The proponents of bail reform and prison abolition are motivated, in part, by the idea that the justice system is a racist institution committed to perpetuating mass incarceration. But the numbers suggest that, in New York City, 9 out of every 10 defendants are released by the court while their cases are pending (this is up from roughly 7 out of 10 before bail reform). Clearance rates – the percentage of crimes that result in arrest – are shockingly low. And data from the New York City Criminal Justice Agency suggests that even when arrests are made, the chances of being sentenced to jail or prison are much lower than you might think. For example, about half of those charged with a violent felony end up having their cases dismissed.
There are important caveats to all of these numbers, but the notion that our justice system is a case study in punitive excess, where vulnerable New Yorkers are placed on a fast-moving conveyor belt that inexorably leads to Rikers Island and prison, is hard to sustain.
Of course, left-wing activists are not the only ones who play fast and loose with the facts. On the right, the sky is perpetually falling. Every crime on the subways is heralded as a harbinger of the fall of civilization and as proof that more people ought to be locked up. But the available data suggest that, after a concerning post-COVID spike, serious crime went down in 2023. By historical standards, New York City is a safe city – much safer than it was when I first toured Rikers in 1992, even with many fewer people in jail.
Unfortunately, the left-right propaganda war has distracted attention from the unglamorous task of closing Rikers Island, which requires the dull, pragmatic work of building a more efficient and effective justice system so that the numbers jailed can be safely reduced and smaller, purpose-built borough-based jails can be opened. Without a concerted push from external forces, the Adams administration has not shown much enthusiasm for the job. There is basically zero chance that the city can meet the initial target date of 2027 for shuttering the facility. And as the months go by, the estimated cost of building new jails continues to skyrocket – the tally now stands at an eye-watering $15 billion. At some point, the whole enterprise will become cost prohibitive.

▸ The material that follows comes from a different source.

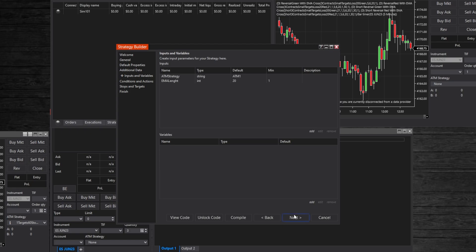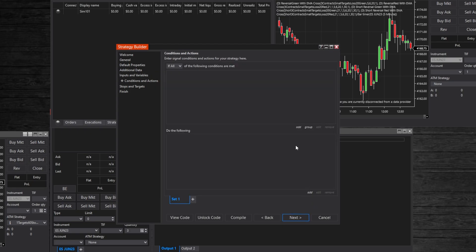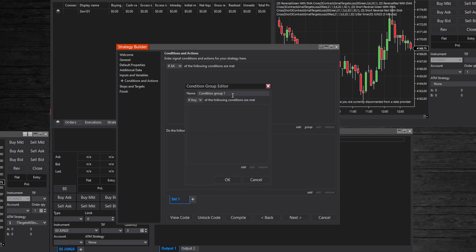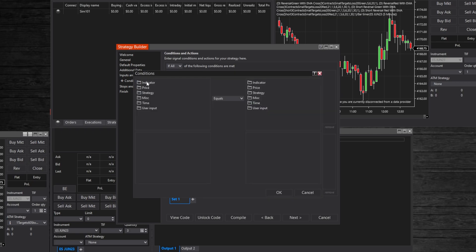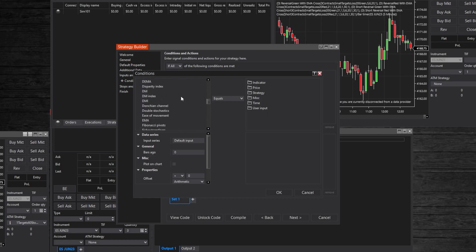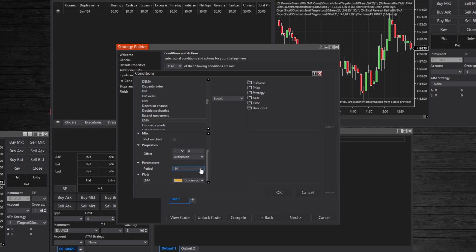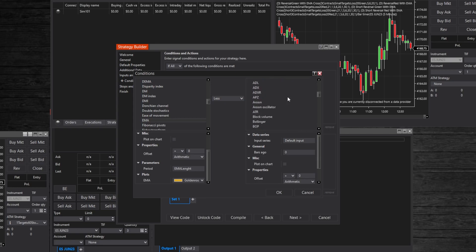Click next and add some conditions. Click to add a group, name it, change the dropdown to 'if all' so all conditions must be met. Click add and let's add our exponential moving average - make the moving average two bars ago less than the same moving average zero bars ago. Change the period to our user input we created earlier, and do the same on the other side: find EMA in the indicator, set it to zero bars ago, set the period to our user input. Enable the drawing of the moving average, and don't forget to set that moving average two bars ago is less than moving average zero bars ago. Tick the box to plot it on the chart and click ok.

How can we get the effort to close Rikers back on track? Is there any chance at all of returning to that halcyon moment when there was broad agreement that shuttering the jail complex was a noble goal?
A good place to start would be a commitment to more honesty by actors on both sides of the political debate. The lock-‘em-up crowd can begin by admitting what is obvious to anyone who has ever visited Rikers: It is unacceptable for a city of New York’s wealth and historic commitment to the disadvantaged to operate jails like this. And progressives should acknowledge that they may have over-swung in some important respects and that the last few years of legislatively imposed criminal justice reform have been something less than an unalloyed triumph. We can all take a page from Mark Twain’s playbook: “When in doubt, tell the truth,” Twain advised. “It will confound your enemies and astound your friends.”
Greg Berman is the co-editor of Vital City, chair of City & State’s New York Nonprofit Media advisory board and the distinguished fellow of practice at the Harry Frank Guggenheim Foundation.